Task requirements >>
In duplicating the lines below, keep every word unchanged and drop the pictures.

Material for this exercise >>
BEGIN
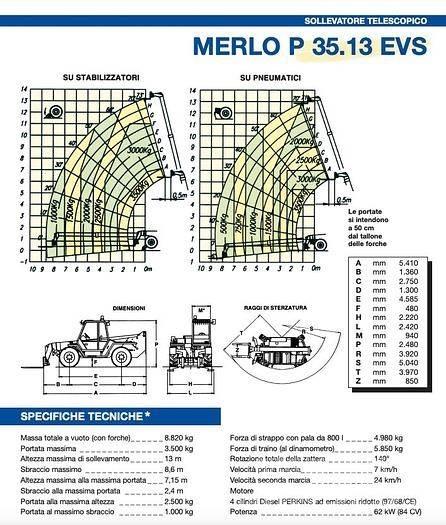 Merlo P35.13EVS 텔러 핸들러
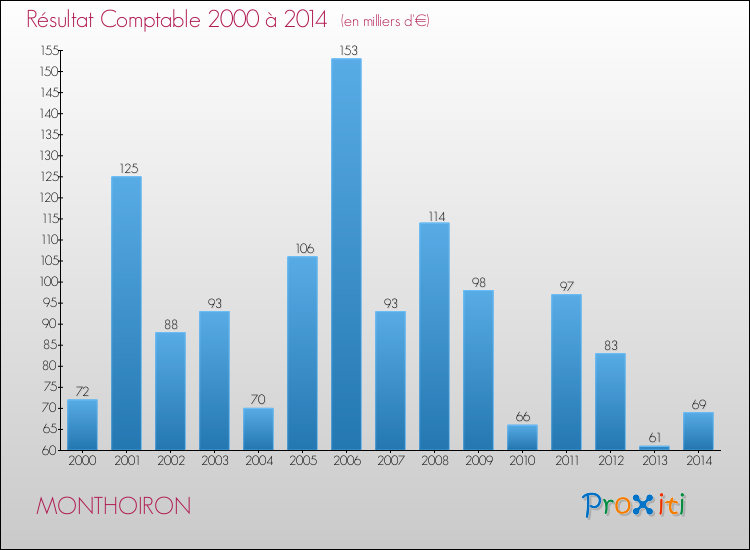 Evolution du résultat comptable pour la commune de MONTHOIRON de 2000 à 2014 Evolution du résultat comptable pour MONTHOIRON de 2000 à 2014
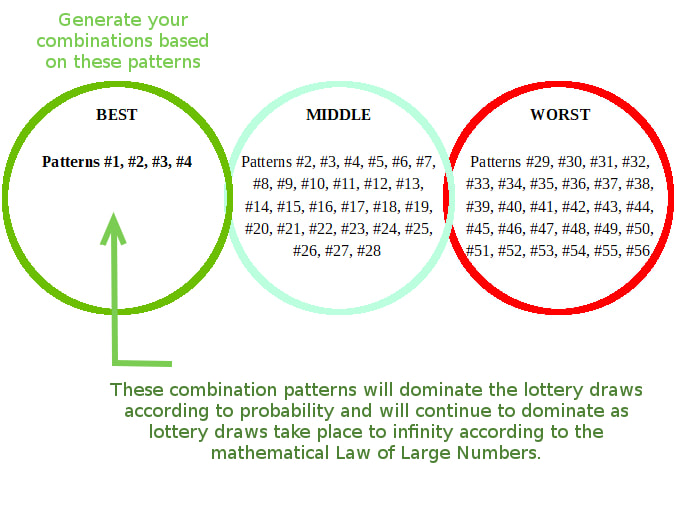 probability of lotto numbers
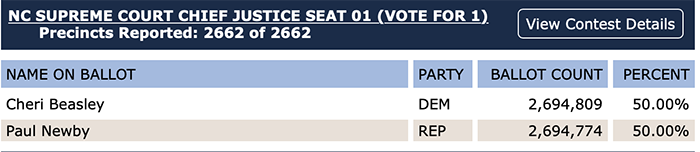 Beasley-Newby race Sunday November 15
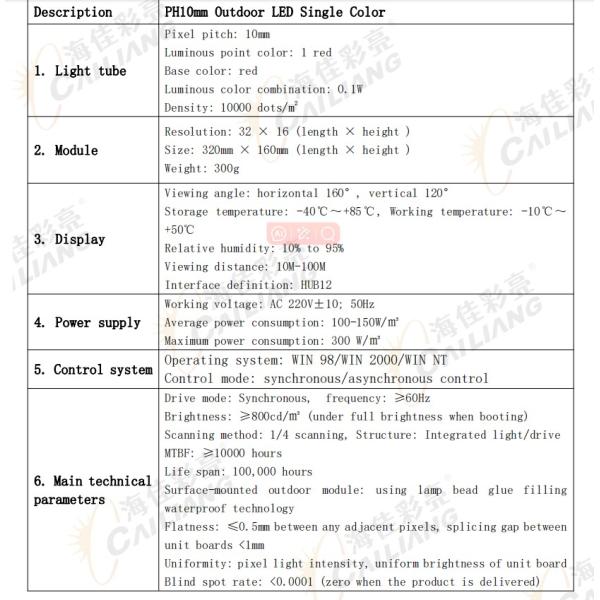 320*160mm Single Color Module Perfect Solution for Outdoor Taxi Top LED Display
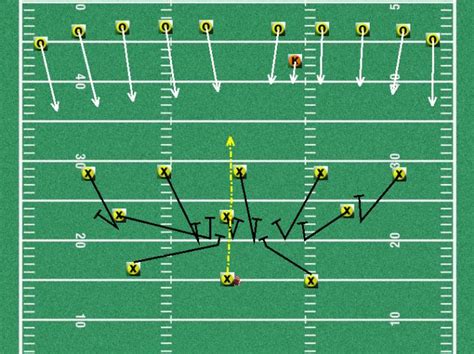 free special teams plays, Youth football special teams plays - Youth Football Online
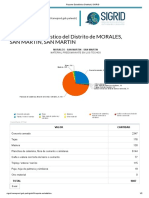 Material Predominantes en Los Techos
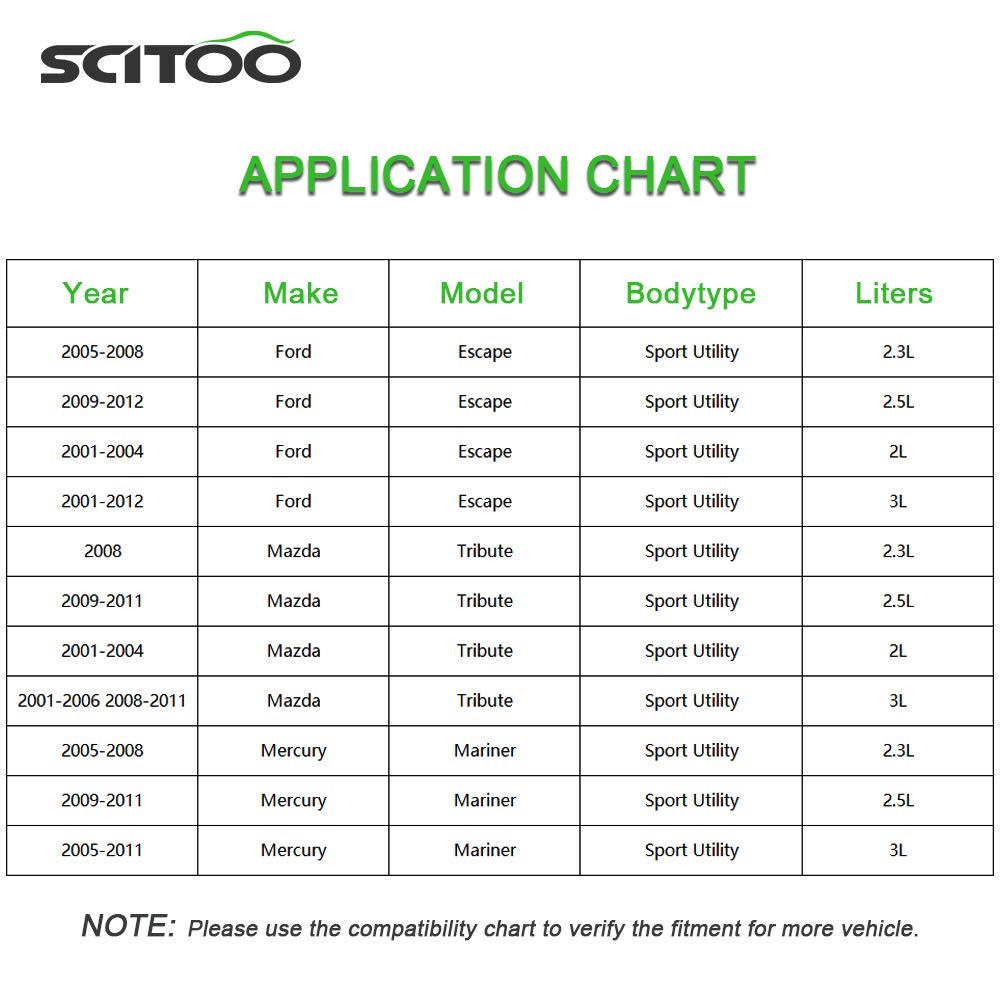 SCITOO Coolant Recovery Overflow Reservoir Tank Coolant Reservoir Bottle [W/Sensor &with Cap] compatible with Ford & Mercury Cars - Escape 01-04 07-12,Mariner 07-11,fits 4,6Cyl [2.0] Replace# 603-215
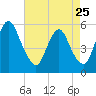 Ship John Shoal tide chart for Tuesday, April 25, 2023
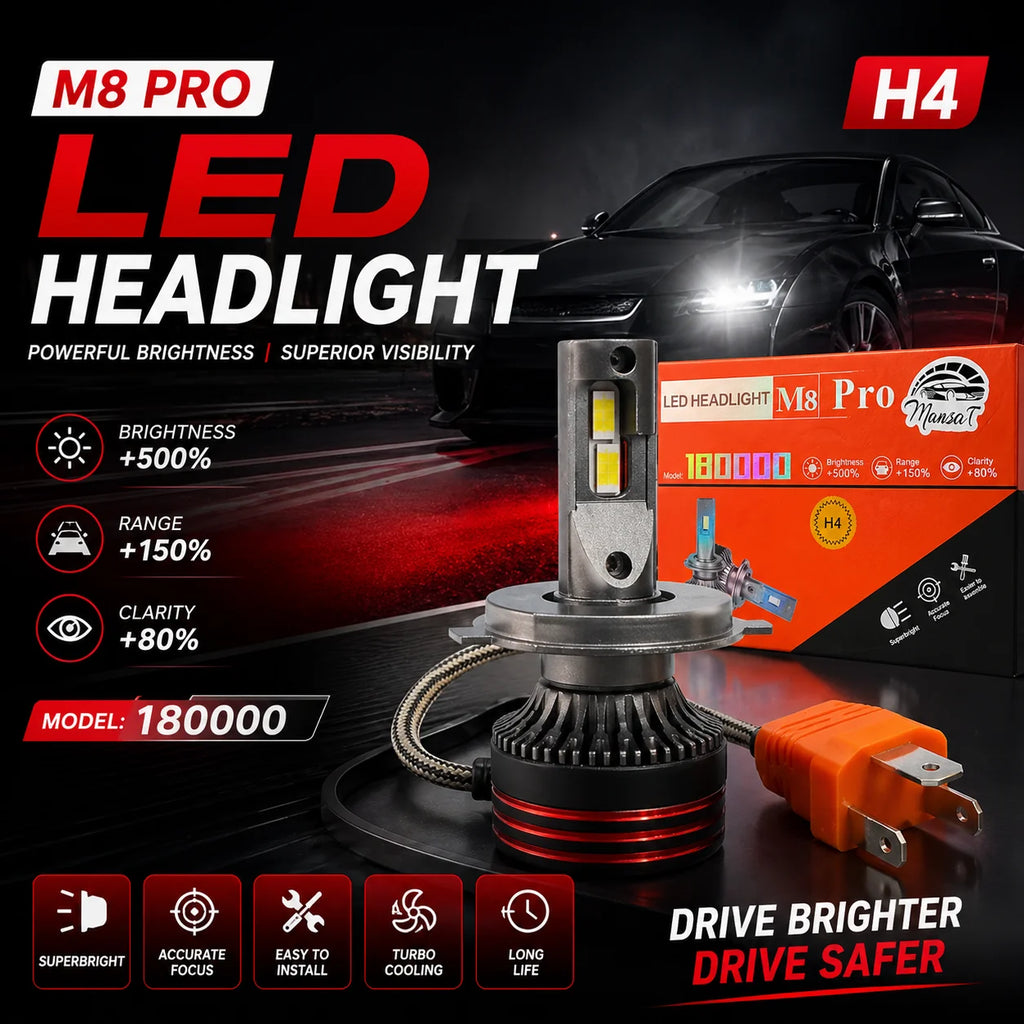 M8 Pro 150 Watts Led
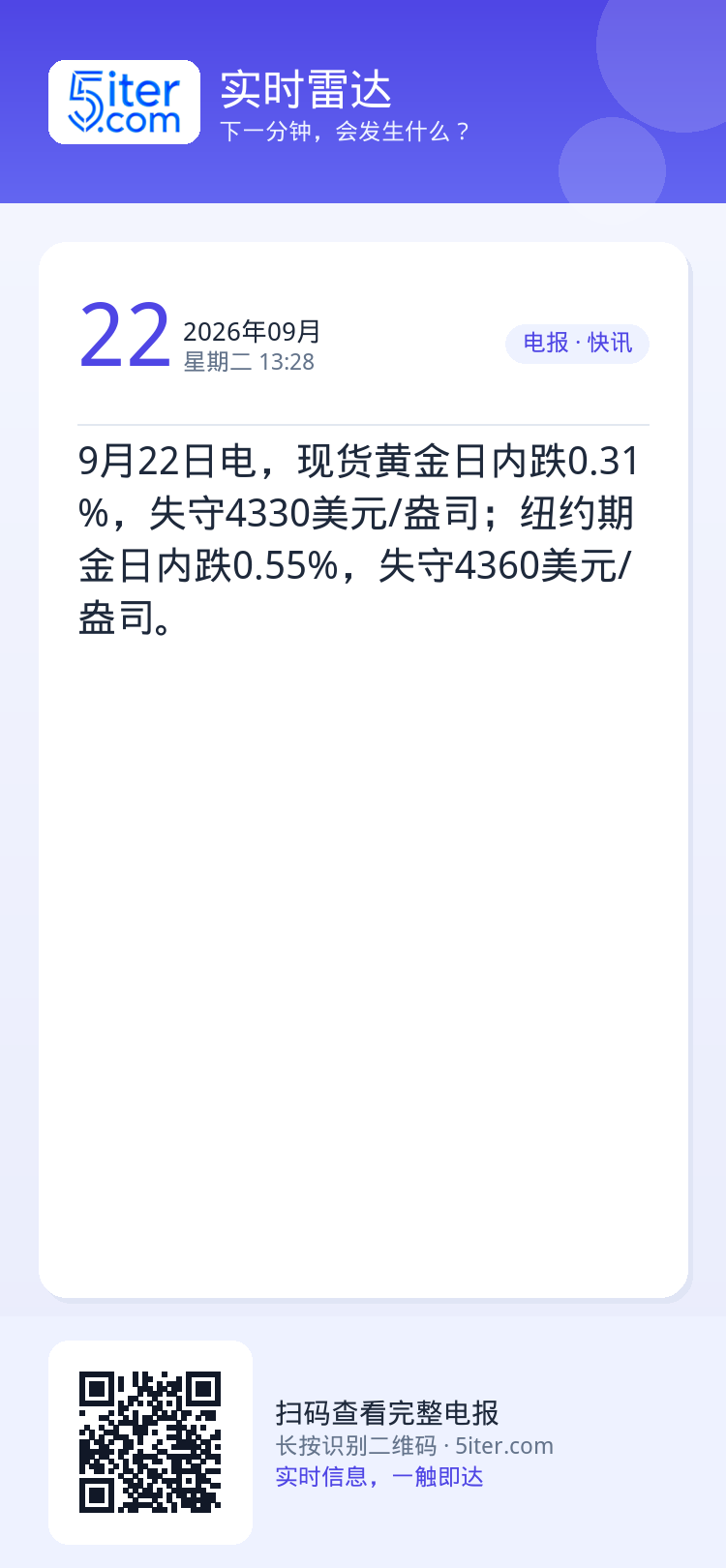 9月22日电，现货黄金日内跌0.31%，失守4330美元/盎司；纽约期金日内跌0.55%，失守4360美元/盎司。
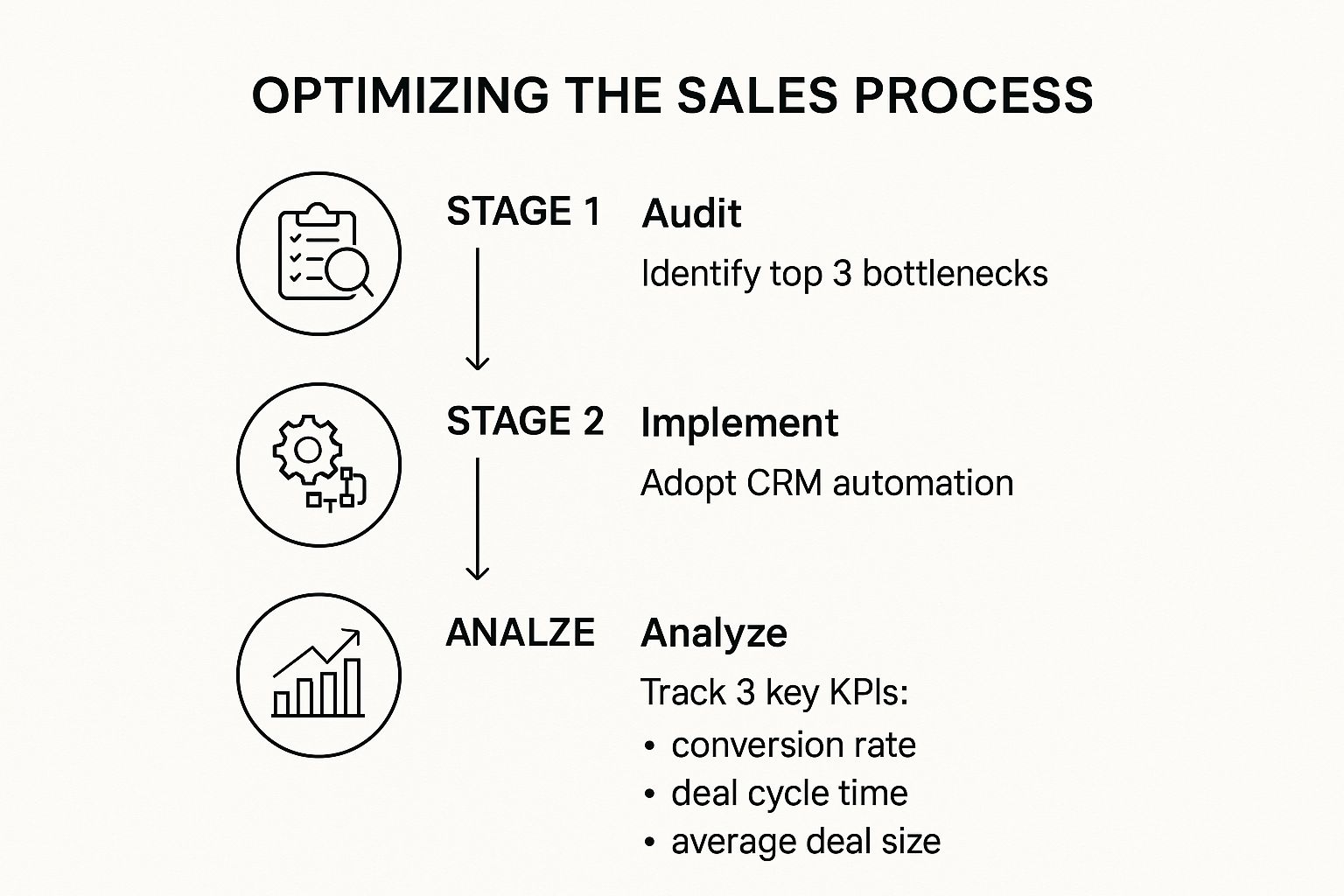 Optimize Sales Process for Better Results | Proven Strategies – Bodhi ...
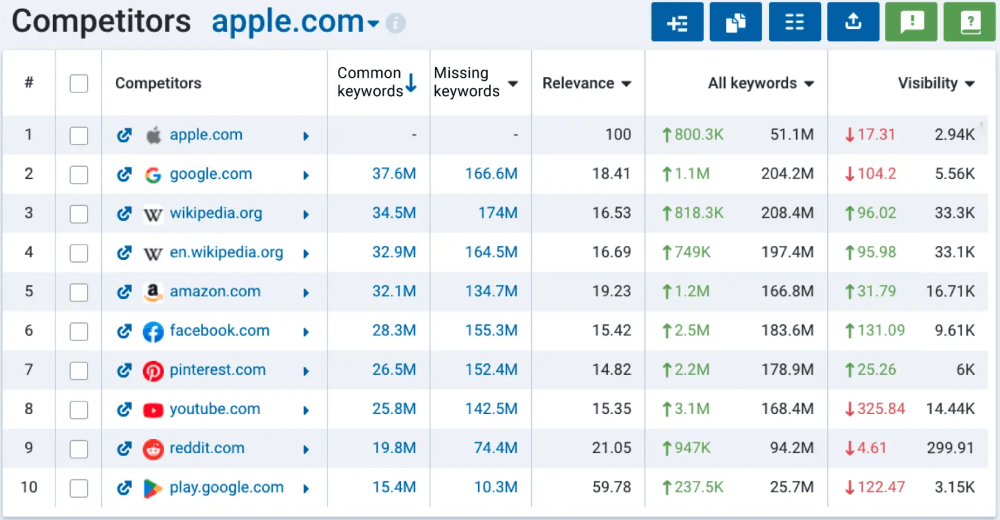 Serpstat Competitor Analysis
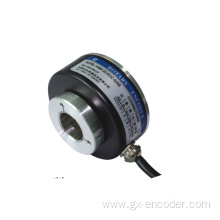 Encoder in motor encoder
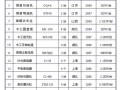 [广州]产业园临电施工方案（临电平面布置图）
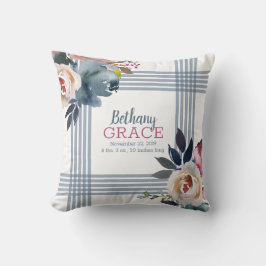 Baby Meisje Slaapkamer Blauw Roze Aquarel Bloem Kussen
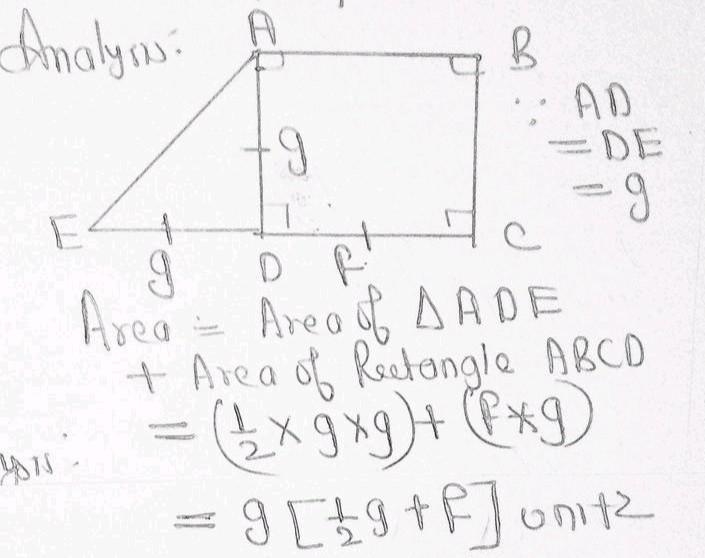 Find the area of the figure below.​-example-1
END
Written answer >>
 Merlo P35.13EVS 텔러 핸들러
 Evolution du résultat comptable pour la commune de MONTHOIRON de 2000 à 2014 Evolution du résultat comptable pour MONTHOIRON de 2000 à 2014
 probability of lotto numbers
 Beasley-Newby race Sunday November 15
 320*160mm Single Color Module Perfect Solution for Outdoor Taxi Top LED Display
 free special teams plays, Youth football special teams plays - Youth Football Online
 Material Predominantes en Los Techos
 SCITOO Coolant Recovery Overflow Reservoir Tank Coolant Reservoir Bottle [W/Sensor &with Cap] compatible with Ford & Mercury Cars - Escape 01-04 07-12,Mariner 07-11,fits 4,6Cyl [2.0] Replace# 603-215
 Ship John Shoal tide chart for Tuesday, April 25, 2023
 M8 Pro 150 Watts Led
 9月22日电，现货黄金日内跌0.31%，失守4330美元/盎司；纽约期金日内跌0.55%，失守4360美元/盎司。
 Optimize Sales Process for Better Results | Proven Strategies – Bodhi ...
 Serpstat Competitor Analysis
 Encoder in motor encoder
 [广州]产业园临电施工方案（临电平面布置图）
 Baby Meisje Slaapkamer Blauw Roze Aquarel Bloem Kussen
 Find the area of the figure below.​-example-1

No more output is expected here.